BRENDA SABBAGH
In my paintings I seek to capture the idea of the instantaneous and the invisible of everyday life. I feel like a pictorial photographer, I think of the works as frames of a cinematographic sequence. I am interested in painting the essence of the moment, what is not seen, capturing what is in people sitting, lying down, sleeping, thinking, sad, that intimacy is what attracts me, in each painting I try to immortalize the sensation that runs through the scene.
When I paint, the action of comes to me, immersing myself in water, in the wateriness of the painting itself. What separates the surface of the water and the surface of the air, when one is submerged, is a two-dimensional and abstract separation surface that cannot be seen but can be measured. This point of union between one surface and another is what I am interested in working on: between figuration and geometrization, between coherence and incoherence. I think of it as a healing act, both immersing yourself in the water and immersing yourself in the paint.

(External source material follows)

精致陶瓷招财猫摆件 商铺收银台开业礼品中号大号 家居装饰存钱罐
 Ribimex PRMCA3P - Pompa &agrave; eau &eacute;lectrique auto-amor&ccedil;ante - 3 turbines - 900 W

I see my work as a place where different ways of operating and assimilating personal historical processes take place. I am interested in investigating some socio-cultural remnants or debris that are integrated with this personal history and ultimately embodied in the works. I work with materials that refer to my own history: remains, fabrics, fragments of works and clothing that are re-signified in the present. It is important for me to make an analysis of each of them, to classify them and to proceed to the action of cutting them, rolling them, burning them, sewing them, in a word, to intervene in them. Conceptually, I am interested in the figure of the square as an idea, a form of organization that synthesizes a space, forming a territory of possibilities that repeats itself in an infinite plot. I articulate these plots as a corporeal space in which I can dialogue and transform, generating a story with new poetry.